I did not report this.





> Reported-by: Matthew Wilcox <willy@infradead.org>
> Signed-off-by: "Eric W. Biederman" <ebiederm@xmission.com>
> ---
Eric W. Biederman June 22, 2020, 3:13 p.m. UTC | #8
Masahiro Yamada <masahiroy@kernel.org> writes:

> On Fri, Jun 19, 2020 at 11:14 PM Eric W. Biederman
> <ebiederm@xmission.com> wrote:
>>
>>
>> Junxiao Bi <junxiao.bi@oracle.com> reported:
>> > When debugging some performance issue, i found that thousands of threads exit
>> > around same time could cause a severe spin lock contention on proc dentry
>> > "/proc/$parent_process_pid/task/", that's because threads needs to clean up
>> > their pid file from that dir when exit.
>>
>> Matthew Wilcox <willy@infradead.org> reported:
>> > We've looked at a few different ways of fixing this problem.
>>
>> The flushing of the proc dentries from the dcache is an optmization,
>> and is not necessary for correctness.  Eventually cache pressure will
>> cause the dentries to be freed even if no flushing happens.  Some
>> light testing when I refactored the proc flushg[1] indicated that at
>> least the memory footprint is easily measurable.
>>
>> An optimization that causes a performance problem due to a thundering
>> herd of threads is no real optimization.
>>
>> Modify the code to only flush the /proc/<tgid>/ directory when all
>> threads in a process are killed at once.  This continues to flush
>> practically everything when the process is reaped as the threads live
>> under /proc/<tgid>/task/<tid>.
>>
>> There is a rare possibility that a debugger will access /proc/<tid>/,
>> which this change will no longer flush, but I believe such accesses
>> are sufficiently rare to not be observed in practice.
>>
>> [1] 7bc3e6e55acf ("proc: Use a list of inodes to flush from proc")
>> Link: https://lkml.kernel.org/r/54091fc0-ca46-2186-97a8-d1f3c4f3877b@oracle.com
>
>
>> Reported-by: Masahiro Yamada <masahiroy@kernel.org>
>
> I did not report this.

Thank you for catching this.

I must have cut&pasted the wrong email address by mistake.

My apologies.

Eric
Eric W. Biederman June 22, 2020, 3:20 p.m.
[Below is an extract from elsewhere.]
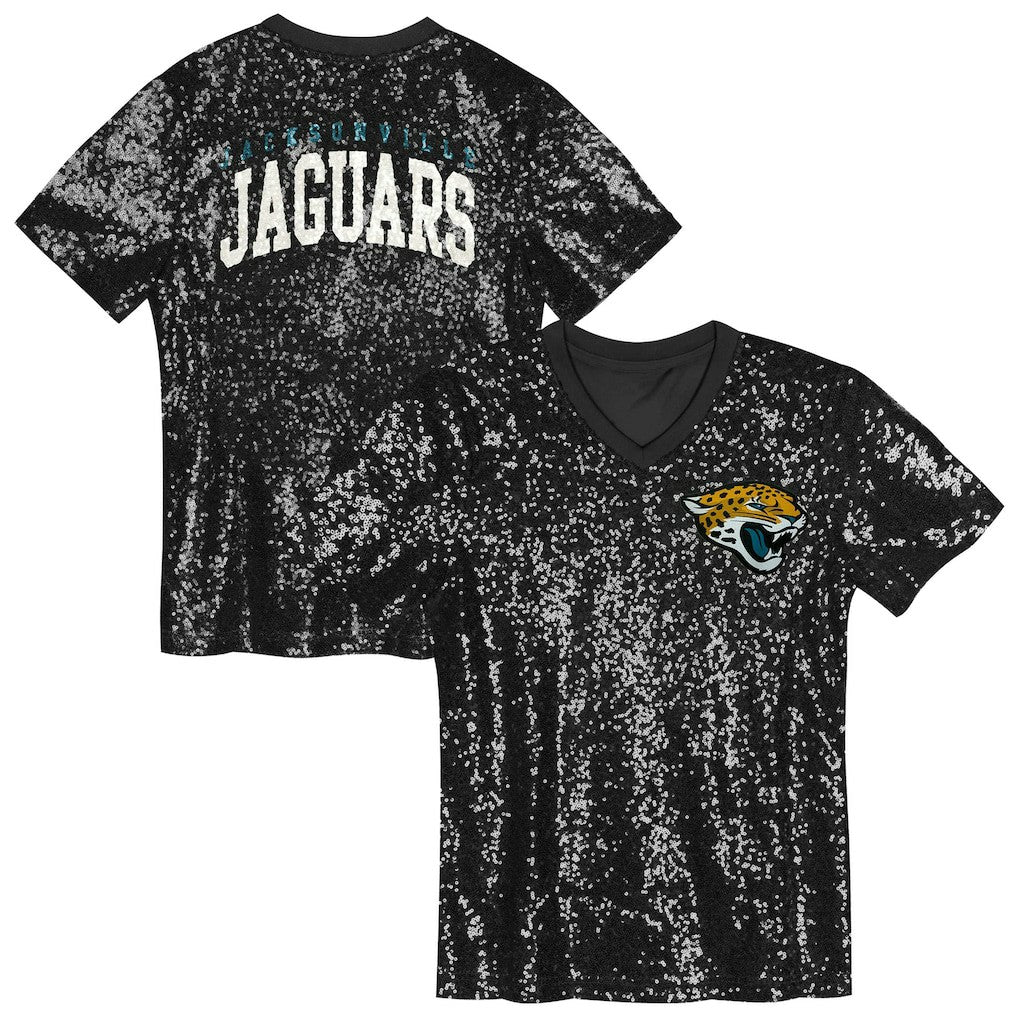 Jacksonville Jaguars  Girls Youth Wordmark Sequin V-Neck Top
UTC | #9
Junxiao Bi <junxiao.bi@oracle.com> writes:

> On 6/20/20 9:27 AM, Matthew Wilcox wrote:
>
>> On Fri, Jun 19, 2020 at 05:42:45PM -0500, Eric W. Biederman wrote:
>>> Junxiao Bi <junxiao.bi@oracle.com> writes:
>>>> Still high lock contention. Collect the following hot path.
>>> A different location this time.
>>>
>>> I know of at least exit_signal and exit_notify that take thread wide
>>> locks, and it looks like exit_mm is another.  Those don't use the same
>>> locks as flushing proc.
>>>
>>>
>>> So I think you are simply seeing a result of the thundering herd of
>>> threads shutting down at once.  Given that thread shutdown is fundamentally
>>> a slow path there is only so much that can be done.
>>>
>>> If you are up for a project to working through this thundering herd I
>>> expect I can help some.  It will be a long process of cleaning up
>>> the entire thread exit process with an eye to performance.
>> Wengang had some tests which produced wall-clock values for this problem,
>> which I agree is more informative.
>>
>> I'm not entirely sure what the customer workload is that requires a
>> highly threaded workload to also shut down quickly.  To my mind, an
>> overall workload is normally composed of highly-threaded tasks that run
>> for a long time and only shut down rarely (thus performance of shutdown
>> is not important) and single-threaded tasks that run for a short time.
>
> The real workload is a Java application working in server-agent mode, issue
> happened in agent side, all it do is waiting works dispatching from server and
> execute. To execute one work, agent will start lots of short live threads, there
> could be a lot of threads exit same time if there were a lots of work to
> execute, the contention on the exit path caused a high %sys time which impacted
> other workload.

If I understand correctly, the Java VM is not exiting.  Just some of
it's threads.

That is a very different problem to deal with.  That are many
optimizations that are possible when _all_ of the threads are exiting
that are not possible when _many_ threads are exiting.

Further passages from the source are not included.